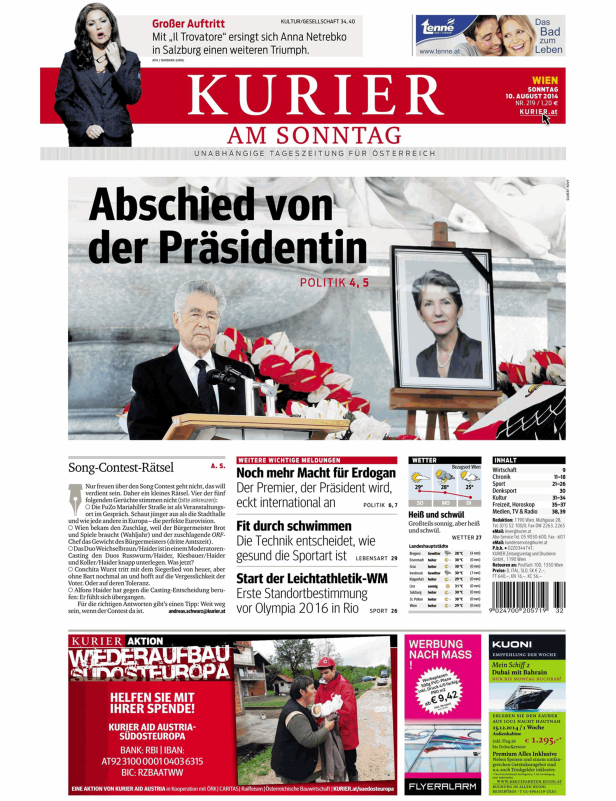 Titelseite des „Kurier am Sonntag“ vom 10. August 2014 mit den Hauptthemen Abschied der Präsidentin und Song-Contest-Rätsel.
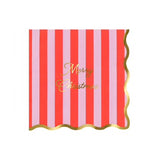 Striped Merry Christmas Large Napkins (x 16)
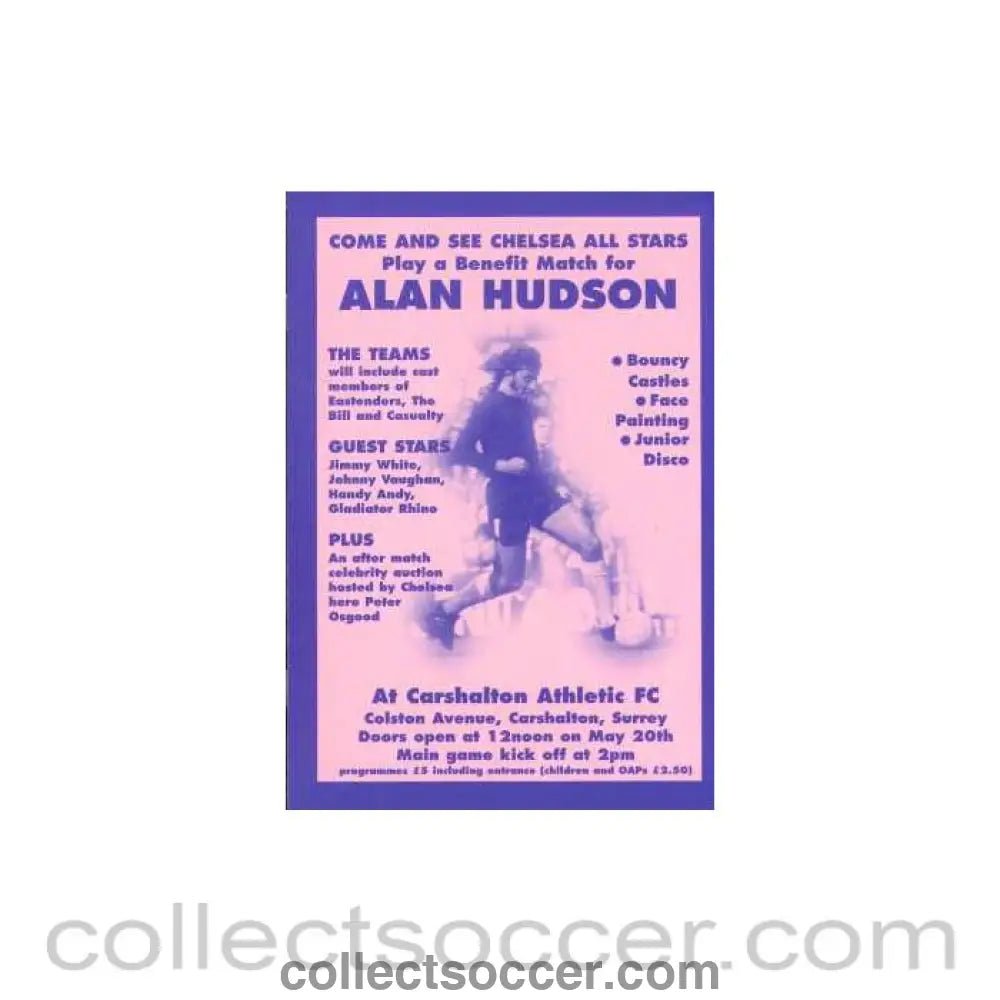 Alan Hudson BenefitChelsea V Carshalton Pink Issue - Collect Soccer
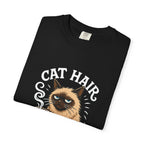 Cat Hair Don’t Care T-Shirt — Funny Coffee Cat Tee for Cat Lovers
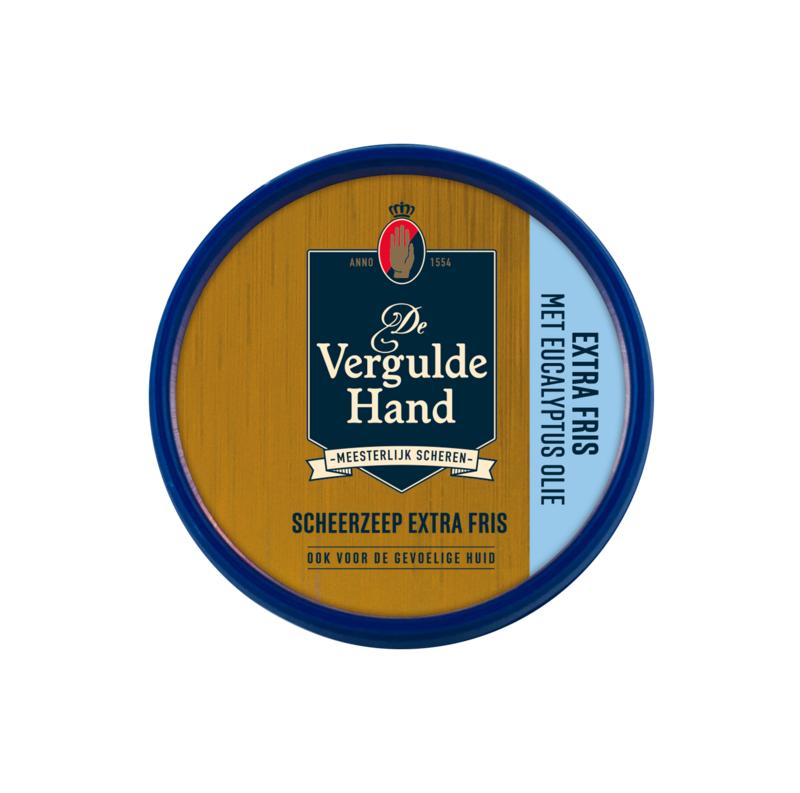 Vergulde Hand Scheerzeep extra fresh 75g, creamy soap bar for shaving and hair removal, with a refreshing scent.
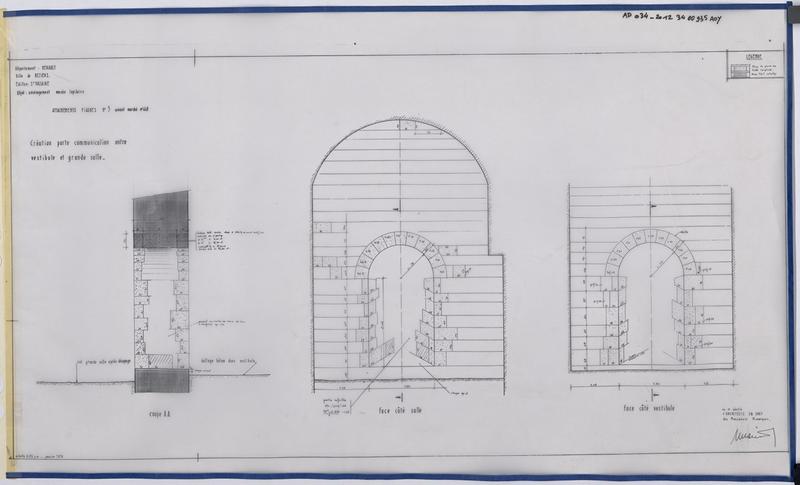 Aménagement du musée lapidaire, création d'une porte communication entre le vestibule et la grande salle. Attachement figuré n°5.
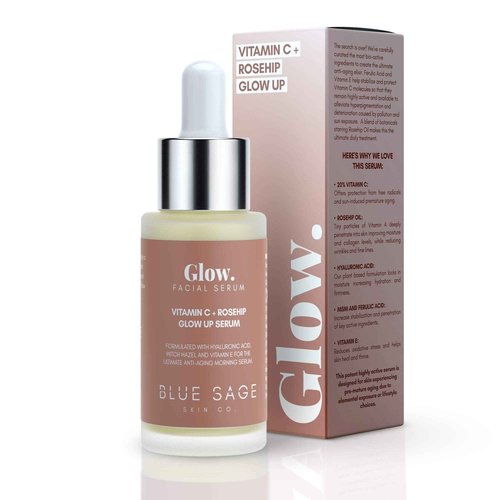 Blue Sage Vitamin C + Rosehip Glow up Daily Facial Serum | Natural Anti-Aging Skin Care Face Serum - Hyaluronic Acid, Witch Hazel and Glycolic Acid to smooth, Tighten and Brighten skin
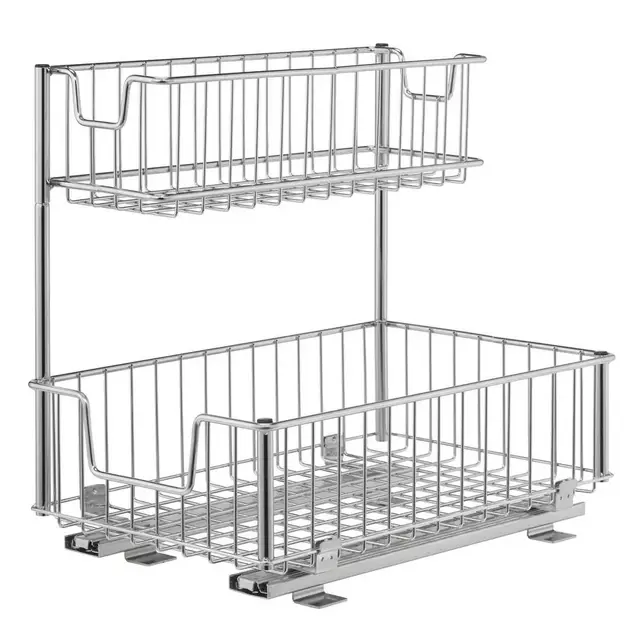 2-Compartment Sliding Wire Undersink Organizer (2-Pack)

---

All lines from the one containing "Vergulde Hand Scheerzeep" through the end of the entries above must be given again exactly, with every picture omitted.

- **SOLUTION FOR THIS EXERCISE**
 Vergulde Hand Scheerzeep extra fresh 75g, creamy soap bar for shaving and hair removal, with a refreshing scent.
 Aménagement du musée lapidaire, création d'une porte communication entre le vestibule et la grande salle. Attachement figuré n°5.
 Blue Sage Vitamin C + Rosehip Glow up Daily Facial Serum | Natural Anti-Aging Skin Care Face Serum - Hyaluronic Acid, Witch Hazel and Glycolic Acid to smooth, Tighten and Brighten skin
 2-Compartment Sliding Wire Undersink Organizer (2-Pack)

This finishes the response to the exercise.